## Problem to work on
Please repeat each entry. Match every word exactly.

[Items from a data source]
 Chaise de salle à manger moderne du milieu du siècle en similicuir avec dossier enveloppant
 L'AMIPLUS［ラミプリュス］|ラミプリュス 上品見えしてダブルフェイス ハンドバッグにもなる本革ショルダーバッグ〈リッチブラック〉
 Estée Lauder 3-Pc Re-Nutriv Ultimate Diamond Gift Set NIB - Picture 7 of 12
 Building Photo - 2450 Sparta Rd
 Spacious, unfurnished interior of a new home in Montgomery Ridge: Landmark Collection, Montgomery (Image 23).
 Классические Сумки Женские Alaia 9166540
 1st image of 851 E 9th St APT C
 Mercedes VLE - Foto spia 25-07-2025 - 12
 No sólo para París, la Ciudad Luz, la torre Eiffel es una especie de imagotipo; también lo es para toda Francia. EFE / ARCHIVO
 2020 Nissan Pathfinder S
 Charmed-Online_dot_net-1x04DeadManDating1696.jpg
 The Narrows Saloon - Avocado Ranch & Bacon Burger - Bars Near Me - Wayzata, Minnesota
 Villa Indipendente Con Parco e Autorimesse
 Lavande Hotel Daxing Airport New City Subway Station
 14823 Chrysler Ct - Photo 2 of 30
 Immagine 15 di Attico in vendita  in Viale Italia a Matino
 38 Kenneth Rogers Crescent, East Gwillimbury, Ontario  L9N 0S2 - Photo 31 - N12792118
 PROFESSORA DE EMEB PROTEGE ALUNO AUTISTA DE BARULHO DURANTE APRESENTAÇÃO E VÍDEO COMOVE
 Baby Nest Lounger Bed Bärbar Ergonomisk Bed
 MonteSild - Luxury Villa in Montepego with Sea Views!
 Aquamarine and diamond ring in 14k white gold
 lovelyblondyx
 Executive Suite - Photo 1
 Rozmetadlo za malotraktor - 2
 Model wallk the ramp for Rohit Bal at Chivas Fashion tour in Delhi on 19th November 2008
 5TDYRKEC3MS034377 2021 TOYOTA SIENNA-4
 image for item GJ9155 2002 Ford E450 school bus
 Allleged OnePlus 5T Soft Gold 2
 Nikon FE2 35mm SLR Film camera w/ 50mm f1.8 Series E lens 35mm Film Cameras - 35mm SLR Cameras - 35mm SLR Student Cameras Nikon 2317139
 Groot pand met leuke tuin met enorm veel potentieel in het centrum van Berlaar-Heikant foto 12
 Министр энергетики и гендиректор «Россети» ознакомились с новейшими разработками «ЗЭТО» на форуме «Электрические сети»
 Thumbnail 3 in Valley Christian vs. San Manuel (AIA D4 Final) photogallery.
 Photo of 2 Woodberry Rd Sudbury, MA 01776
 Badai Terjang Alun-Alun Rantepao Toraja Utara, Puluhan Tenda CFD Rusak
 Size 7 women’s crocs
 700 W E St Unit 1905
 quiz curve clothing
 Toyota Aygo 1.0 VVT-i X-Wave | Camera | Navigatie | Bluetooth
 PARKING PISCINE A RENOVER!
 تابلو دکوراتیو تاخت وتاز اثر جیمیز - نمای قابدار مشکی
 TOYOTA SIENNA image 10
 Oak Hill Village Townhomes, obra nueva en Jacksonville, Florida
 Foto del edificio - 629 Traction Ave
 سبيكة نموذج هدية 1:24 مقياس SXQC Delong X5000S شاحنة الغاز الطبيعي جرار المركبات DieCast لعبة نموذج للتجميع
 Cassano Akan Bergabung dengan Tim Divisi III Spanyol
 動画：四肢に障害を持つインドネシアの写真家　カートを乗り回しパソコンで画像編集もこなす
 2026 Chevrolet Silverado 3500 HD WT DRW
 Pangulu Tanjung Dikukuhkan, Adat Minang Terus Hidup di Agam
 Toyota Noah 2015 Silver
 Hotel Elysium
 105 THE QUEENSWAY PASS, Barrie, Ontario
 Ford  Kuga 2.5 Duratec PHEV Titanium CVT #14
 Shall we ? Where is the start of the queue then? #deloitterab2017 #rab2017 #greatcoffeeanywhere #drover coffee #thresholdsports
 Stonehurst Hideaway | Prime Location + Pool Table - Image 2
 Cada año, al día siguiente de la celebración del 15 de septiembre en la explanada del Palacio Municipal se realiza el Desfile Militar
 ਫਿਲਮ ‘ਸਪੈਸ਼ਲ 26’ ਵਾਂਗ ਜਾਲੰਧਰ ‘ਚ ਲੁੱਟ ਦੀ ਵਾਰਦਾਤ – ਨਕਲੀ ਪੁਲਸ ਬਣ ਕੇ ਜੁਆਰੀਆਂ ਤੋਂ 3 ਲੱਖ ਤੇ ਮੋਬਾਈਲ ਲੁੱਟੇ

## Solution
 Chaise de salle à manger moderne du milieu du siècle en similicuir avec dossier enveloppant
 L'AMIPLUS［ラミプリュス］|ラミプリュス 上品見えしてダブルフェイス ハンドバッグにもなる本革ショルダーバッグ〈リッチブラック〉
 Estée Lauder 3-Pc Re-Nutriv Ultimate Diamond Gift Set NIB - Picture 7 of 12
 Building Photo - 2450 Sparta Rd
 Spacious, unfurnished interior of a new home in Montgomery Ridge: Landmark Collection, Montgomery (Image 23).
 Классические Сумки Женские Alaia 9166540
 1st image of 851 E 9th St APT C
 Mercedes VLE - Foto spia 25-07-2025 - 12
 No sólo para París, la Ciudad Luz, la torre Eiffel es una especie de imagotipo; también lo es para toda Francia. EFE / ARCHIVO
 2020 Nissan Pathfinder S
 Charmed-Online_dot_net-1x04DeadManDating1696.jpg
 The Narrows Saloon - Avocado Ranch & Bacon Burger - Bars Near Me - Wayzata, Minnesota
 Villa Indipendente Con Parco e Autorimesse
 Lavande Hotel Daxing Airport New City Subway Station
 14823 Chrysler Ct - Photo 2 of 30
 Immagine 15 di Attico in vendita  in Viale Italia a Matino
 38 Kenneth Rogers Crescent, East Gwillimbury, Ontario  L9N 0S2 - Photo 31 - N12792118
 PROFESSORA DE EMEB PROTEGE ALUNO AUTISTA DE BARULHO DURANTE APRESENTAÇÃO E VÍDEO COMOVE
 Baby Nest Lounger Bed Bärbar Ergonomisk Bed
 MonteSild - Luxury Villa in Montepego with Sea Views!
 Aquamarine and diamond ring in 14k white gold
 lovelyblondyx
 Executive Suite - Photo 1
 Rozmetadlo za malotraktor - 2
 Model wallk the ramp for Rohit Bal at Chivas Fashion tour in Delhi on 19th November 2008
 5TDYRKEC3MS034377 2021 TOYOTA SIENNA-4
 image for item GJ9155 2002 Ford E450 school bus
 Allleged OnePlus 5T Soft Gold 2
 Nikon FE2 35mm SLR Film camera w/ 50mm f1.8 Series E lens 35mm Film Cameras - 35mm SLR Cameras - 35mm SLR Student Cameras Nikon 2317139
 Groot pand met leuke tuin met enorm veel potentieel in het centrum van Berlaar-Heikant foto 12
 Министр энергетики и гендиректор «Россети» ознакомились с новейшими разработками «ЗЭТО» на форуме «Электрические сети»
 Thumbnail 3 in Valley Christian vs. San Manuel (AIA D4 Final) photogallery.
 Photo of 2 Woodberry Rd Sudbury, MA 01776
 Badai Terjang Alun-Alun Rantepao Toraja Utara, Puluhan Tenda CFD Rusak
 Size 7 women’s crocs
 700 W E St Unit 1905
 quiz curve clothing
 Toyota Aygo 1.0 VVT-i X-Wave | Camera | Navigatie | Bluetooth
 PARKING PISCINE A RENOVER!
 تابلو دکوراتیو تاخت وتاز اثر جیمیز - نمای قابدار مشکی
 TOYOTA SIENNA image 10
 Oak Hill Village Townhomes, obra nueva en Jacksonville, Florida
 Foto del edificio - 629 Traction Ave
 سبيكة نموذج هدية 1:24 مقياس SXQC Delong X5000S شاحنة الغاز الطبيعي جرار المركبات DieCast لعبة نموذج للتجميع
 Cassano Akan Bergabung dengan Tim Divisi III Spanyol
 動画：四肢に障害を持つインドネシアの写真家　カートを乗り回しパソコンで画像編集もこなす
 2026 Chevrolet Silverado 3500 HD WT DRW
 Pangulu Tanjung Dikukuhkan, Adat Minang Terus Hidup di Agam
 Toyota Noah 2015 Silver
 Hotel Elysium
 105 THE QUEENSWAY PASS, Barrie, Ontario
 Ford  Kuga 2.5 Duratec PHEV Titanium CVT #14
 Shall we ? Where is the start of the queue then? #deloitterab2017 #rab2017 #greatcoffeeanywhere #drover coffee #thresholdsports
 Stonehurst Hideaway | Prime Location + Pool Table - Image 2
 Cada año, al día siguiente de la celebración del 15 de septiembre en la explanada del Palacio Municipal se realiza el Desfile Militar
 ਫਿਲਮ ‘ਸਪੈਸ਼ਲ 26’ ਵਾਂਗ ਜਾਲੰਧਰ ‘ਚ ਲੁੱਟ ਦੀ ਵਾਰਦਾਤ – ਨਕਲੀ ਪੁਲਸ ਬਣ ਕੇ ਜੁਆਰੀਆਂ ਤੋਂ 3 ਲੱਖ ਤੇ ਮੋਬਾਈਲ ਲੁੱਟੇ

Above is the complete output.